#### DATASET ENTRIES ####

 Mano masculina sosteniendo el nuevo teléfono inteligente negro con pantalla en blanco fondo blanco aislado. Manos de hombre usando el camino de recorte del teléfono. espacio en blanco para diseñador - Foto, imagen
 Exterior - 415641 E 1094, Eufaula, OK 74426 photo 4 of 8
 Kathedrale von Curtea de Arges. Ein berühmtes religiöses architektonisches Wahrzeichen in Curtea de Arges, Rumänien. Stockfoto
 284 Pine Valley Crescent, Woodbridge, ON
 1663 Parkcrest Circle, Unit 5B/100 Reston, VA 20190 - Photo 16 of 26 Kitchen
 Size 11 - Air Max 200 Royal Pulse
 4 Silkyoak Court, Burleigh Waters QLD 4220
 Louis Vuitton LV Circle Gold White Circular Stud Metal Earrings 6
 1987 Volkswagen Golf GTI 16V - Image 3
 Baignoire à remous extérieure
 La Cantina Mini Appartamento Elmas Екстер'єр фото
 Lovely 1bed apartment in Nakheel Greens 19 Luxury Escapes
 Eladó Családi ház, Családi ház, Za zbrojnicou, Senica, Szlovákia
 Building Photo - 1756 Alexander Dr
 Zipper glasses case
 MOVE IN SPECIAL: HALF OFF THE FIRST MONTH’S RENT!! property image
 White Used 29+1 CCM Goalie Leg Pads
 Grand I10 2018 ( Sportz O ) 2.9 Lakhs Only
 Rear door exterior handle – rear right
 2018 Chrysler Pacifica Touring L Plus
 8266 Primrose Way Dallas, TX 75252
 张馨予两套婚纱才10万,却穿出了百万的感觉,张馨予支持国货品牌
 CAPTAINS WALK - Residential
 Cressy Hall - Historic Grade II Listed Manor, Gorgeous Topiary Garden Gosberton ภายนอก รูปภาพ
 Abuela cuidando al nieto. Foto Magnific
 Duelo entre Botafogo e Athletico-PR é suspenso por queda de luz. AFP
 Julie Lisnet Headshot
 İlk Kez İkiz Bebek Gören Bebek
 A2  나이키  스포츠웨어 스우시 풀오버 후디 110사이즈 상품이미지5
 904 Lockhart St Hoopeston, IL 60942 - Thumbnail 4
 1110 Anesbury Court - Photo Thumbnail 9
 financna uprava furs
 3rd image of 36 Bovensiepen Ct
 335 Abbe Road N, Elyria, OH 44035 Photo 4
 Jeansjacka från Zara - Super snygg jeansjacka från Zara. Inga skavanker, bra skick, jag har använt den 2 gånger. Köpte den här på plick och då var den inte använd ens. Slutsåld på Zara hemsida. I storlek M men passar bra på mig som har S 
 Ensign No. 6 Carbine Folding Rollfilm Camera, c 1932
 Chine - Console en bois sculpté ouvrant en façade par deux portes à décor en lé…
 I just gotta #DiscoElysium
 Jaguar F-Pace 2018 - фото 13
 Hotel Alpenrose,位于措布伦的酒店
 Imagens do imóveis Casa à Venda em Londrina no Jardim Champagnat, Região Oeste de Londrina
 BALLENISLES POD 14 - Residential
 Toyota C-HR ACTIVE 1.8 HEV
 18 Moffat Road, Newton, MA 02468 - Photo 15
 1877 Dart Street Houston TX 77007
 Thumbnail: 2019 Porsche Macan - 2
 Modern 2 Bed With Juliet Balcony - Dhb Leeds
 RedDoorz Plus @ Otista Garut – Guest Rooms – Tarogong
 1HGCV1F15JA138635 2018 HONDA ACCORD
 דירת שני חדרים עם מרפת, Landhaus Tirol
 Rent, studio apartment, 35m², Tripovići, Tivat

####

From the start of the data to the line that holds "335 Abbe Road N, Elyria, OH 44035 Photo 4", retype each line exactly, with both ends included.

 Mano masculina sosteniendo el nuevo teléfono inteligente negro con pantalla en blanco fondo blanco aislado. Manos de hombre usando el camino de recorte del teléfono. espacio en blanco para diseñador - Foto, imagen
 Exterior - 415641 E 1094, Eufaula, OK 74426 photo 4 of 8
 Kathedrale von Curtea de Arges. Ein berühmtes religiöses architektonisches Wahrzeichen in Curtea de Arges, Rumänien. Stockfoto
 284 Pine Valley Crescent, Woodbridge, ON
 1663 Parkcrest Circle, Unit 5B/100 Reston, VA 20190 - Photo 16 of 26 Kitchen
 Size 11 - Air Max 200 Royal Pulse
 4 Silkyoak Court, Burleigh Waters QLD 4220
 Louis Vuitton LV Circle Gold White Circular Stud Metal Earrings 6
 1987 Volkswagen Golf GTI 16V - Image 3
 Baignoire à remous extérieure
 La Cantina Mini Appartamento Elmas Екстер'єр фото
 Lovely 1bed apartment in Nakheel Greens 19 Luxury Escapes
 Eladó Családi ház, Családi ház, Za zbrojnicou, Senica, Szlovákia
 Building Photo - 1756 Alexander Dr
 Zipper glasses case
 MOVE IN SPECIAL: HALF OFF THE FIRST MONTH’S RENT!! property image
 White Used 29+1 CCM Goalie Leg Pads
 Grand I10 2018 ( Sportz O ) 2.9 Lakhs Only
 Rear door exterior handle – rear right
 2018 Chrysler Pacifica Touring L Plus
 8266 Primrose Way Dallas, TX 75252
 张馨予两套婚纱才10万,却穿出了百万的感觉,张馨予支持国货品牌
 CAPTAINS WALK - Residential
 Cressy Hall - Historic Grade II Listed Manor, Gorgeous Topiary Garden Gosberton ภายนอก รูปภาพ
 Abuela cuidando al nieto. Foto Magnific
 Duelo entre Botafogo e Athletico-PR é suspenso por queda de luz. AFP
 Julie Lisnet Headshot
 İlk Kez İkiz Bebek Gören Bebek
 A2  나이키  스포츠웨어 스우시 풀오버 후디 110사이즈 상품이미지5
 904 Lockhart St Hoopeston, IL 60942 - Thumbnail 4
 1110 Anesbury Court - Photo Thumbnail 9
 financna uprava furs
 3rd image of 36 Bovensiepen Ct
 335 Abbe Road N, Elyria, OH 44035 Photo 4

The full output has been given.